╭─ Given information

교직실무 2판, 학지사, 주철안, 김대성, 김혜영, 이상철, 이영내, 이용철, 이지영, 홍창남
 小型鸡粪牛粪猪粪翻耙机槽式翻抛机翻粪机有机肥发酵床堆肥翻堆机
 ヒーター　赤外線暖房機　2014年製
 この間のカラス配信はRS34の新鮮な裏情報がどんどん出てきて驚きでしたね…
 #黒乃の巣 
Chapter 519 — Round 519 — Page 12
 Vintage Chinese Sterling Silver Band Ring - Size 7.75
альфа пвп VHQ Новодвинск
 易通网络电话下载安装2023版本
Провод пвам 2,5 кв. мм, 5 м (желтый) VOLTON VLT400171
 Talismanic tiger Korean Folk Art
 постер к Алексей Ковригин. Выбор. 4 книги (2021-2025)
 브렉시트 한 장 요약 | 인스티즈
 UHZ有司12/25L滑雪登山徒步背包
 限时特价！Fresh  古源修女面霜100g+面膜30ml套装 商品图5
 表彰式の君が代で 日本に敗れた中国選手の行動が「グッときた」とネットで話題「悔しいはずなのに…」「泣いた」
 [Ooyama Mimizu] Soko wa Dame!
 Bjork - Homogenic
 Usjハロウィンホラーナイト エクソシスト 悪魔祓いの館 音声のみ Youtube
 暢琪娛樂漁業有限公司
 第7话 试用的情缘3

╰─

**Problem statement**
Print each entry above word for word, leaving none out.

**Answer to this problem**
교직실무 2판, 학지사, 주철안, 김대성, 김혜영, 이상철, 이영내, 이용철, 이지영, 홍창남
 小型鸡粪牛粪猪粪翻耙机槽式翻抛机翻粪机有机肥发酵床堆肥翻堆机
 ヒーター　赤外線暖房機　2014年製
 この間のカラス配信はRS34の新鮮な裏情報がどんどん出てきて驚きでしたね…
 #黒乃の巣 
Chapter 519 — Round 519 — Page 12
 Vintage Chinese Sterling Silver Band Ring - Size 7.75
альфа пвп VHQ Новодвинск
 易通网络电话下载安装2023版本
Провод пвам 2,5 кв. мм, 5 м (желтый) VOLTON VLT400171
 Talismanic tiger Korean Folk Art
 постер к Алексей Ковригин. Выбор. 4 книги (2021-2025)
 브렉시트 한 장 요약 | 인스티즈
 UHZ有司12/25L滑雪登山徒步背包
 限时特价！Fresh  古源修女面霜100g+面膜30ml套装 商品图5
 表彰式の君が代で 日本に敗れた中国選手の行動が「グッときた」とネットで話題「悔しいはずなのに…」「泣いた」
 [Ooyama Mimizu] Soko wa Dame!
 Bjork - Homogenic
 Usjハロウィンホラーナイト エクソシスト 悪魔祓いの館 音声のみ Youtube
 暢琪娛樂漁業有限公司
 第7话 试用的情缘3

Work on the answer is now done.